Requirement:
Your output is to hold only the lines from the one showing "Cotton Floral Woven Cutwork Bath Mat #1" through the end of the listing, exactly, with every picture excluded.

-------- Provided material

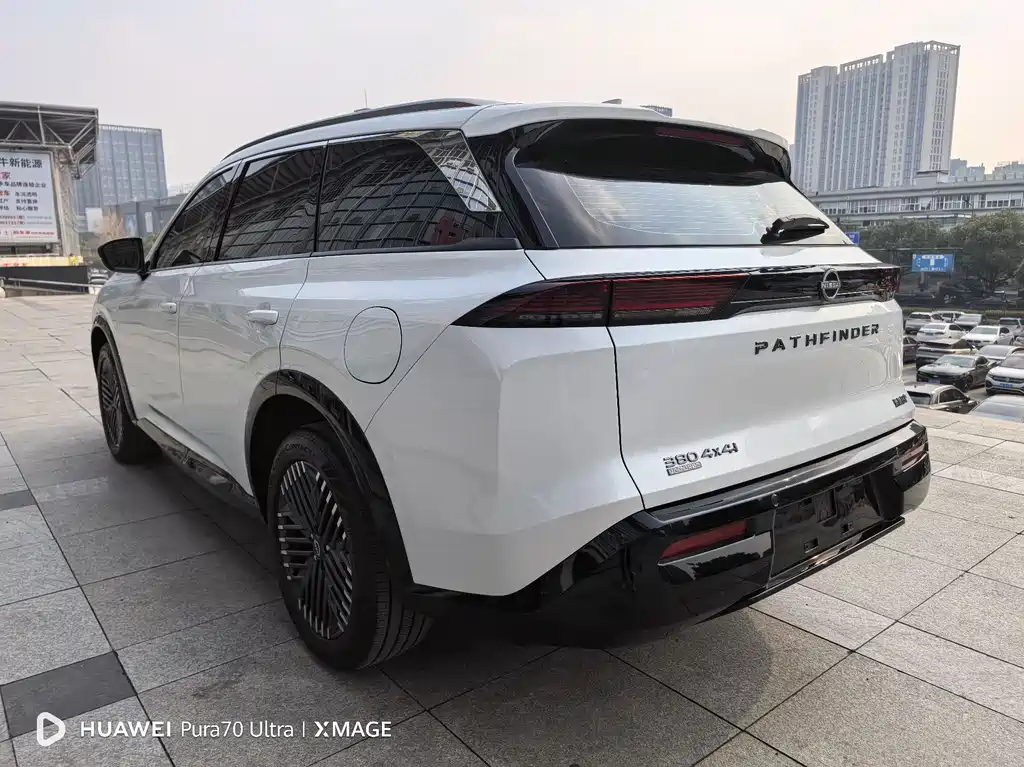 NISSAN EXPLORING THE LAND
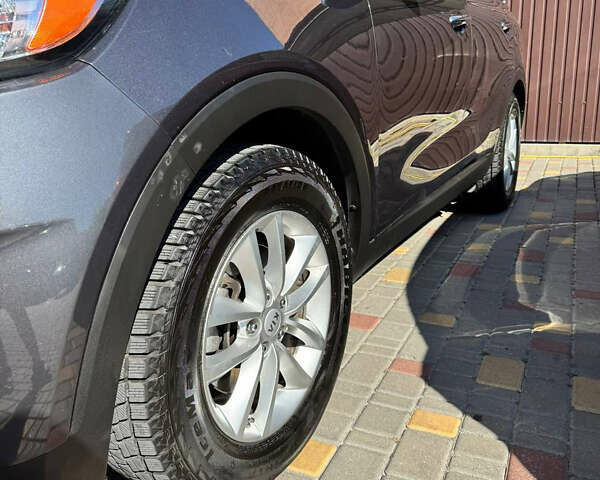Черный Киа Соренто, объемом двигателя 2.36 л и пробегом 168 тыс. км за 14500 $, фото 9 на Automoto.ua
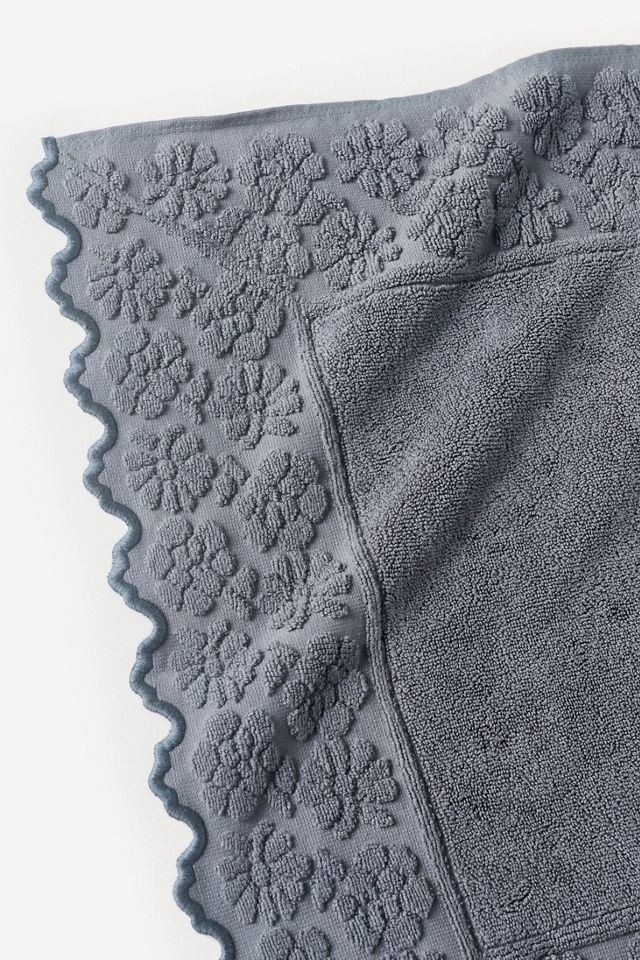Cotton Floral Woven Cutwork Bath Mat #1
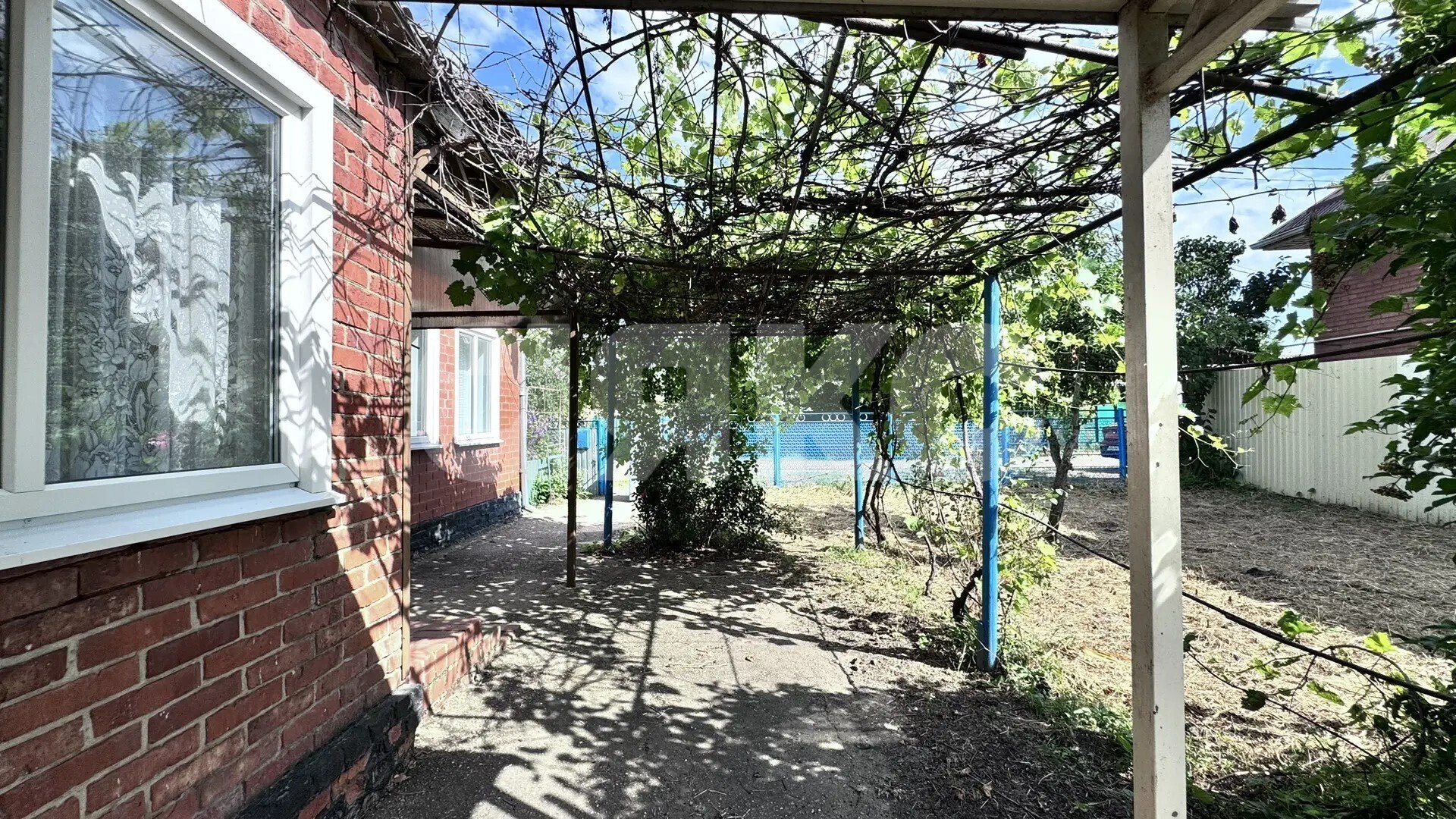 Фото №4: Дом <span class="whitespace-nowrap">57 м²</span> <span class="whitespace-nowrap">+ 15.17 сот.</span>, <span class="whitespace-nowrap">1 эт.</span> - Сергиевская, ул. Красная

----------------

Task output:
Cotton Floral Woven Cutwork Bath Mat #1
 Фото №4: Дом <span class="whitespace-nowrap">57 м²</span> <span class="whitespace-nowrap">+ 15.17 сот.</span>, <span class="whitespace-nowrap">1 эт.</span> - Сергиевская, ул. Красная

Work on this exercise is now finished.